- [AIM OF THE TASK]
Give back exactly the lines of the entries below from the line with "2025 Men Ripped" to the line with "Multi Sapphire Ring", inclusive, and only those.

- [PROVIDED DATA]
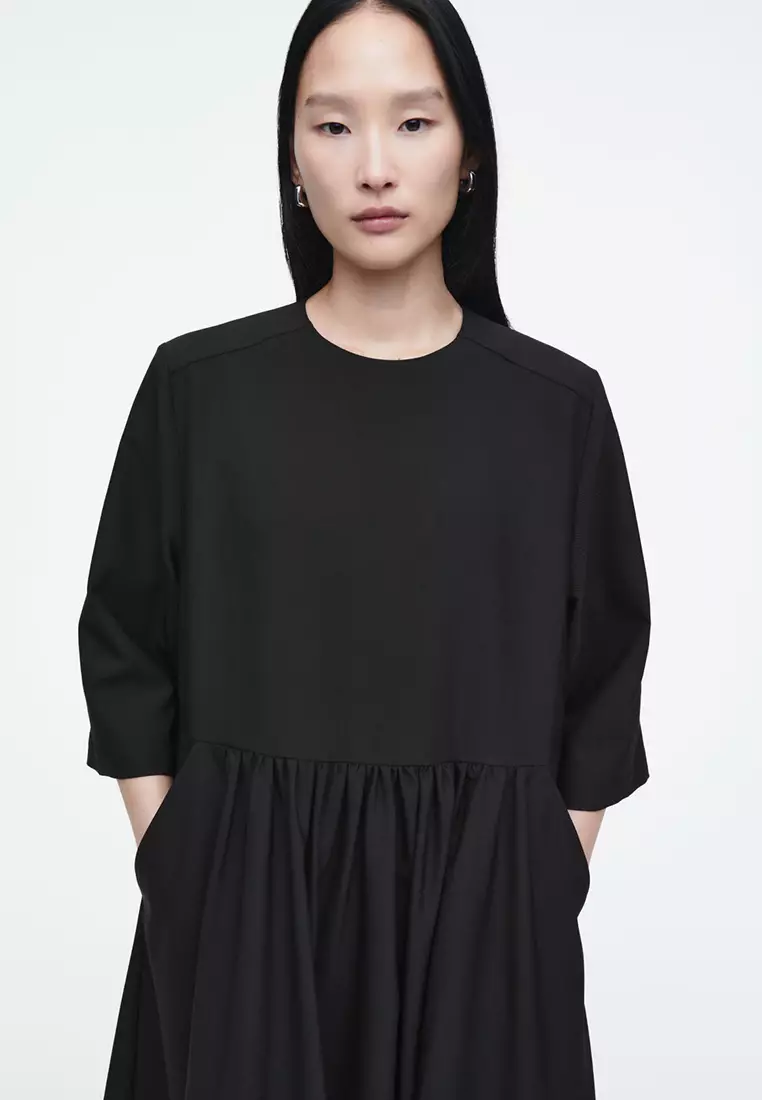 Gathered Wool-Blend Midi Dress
* * *
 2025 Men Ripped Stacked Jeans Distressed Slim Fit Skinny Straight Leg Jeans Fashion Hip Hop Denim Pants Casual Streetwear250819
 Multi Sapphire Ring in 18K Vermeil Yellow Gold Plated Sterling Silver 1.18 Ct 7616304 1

- [OUTPUT]
 2025 Men Ripped Stacked Jeans Distressed Slim Fit Skinny Straight Leg Jeans Fashion Hip Hop Denim Pants Casual Streetwear250819
 Multi Sapphire Ring in 18K Vermeil Yellow Gold Plated Sterling Silver 1.18 Ct 7616304 1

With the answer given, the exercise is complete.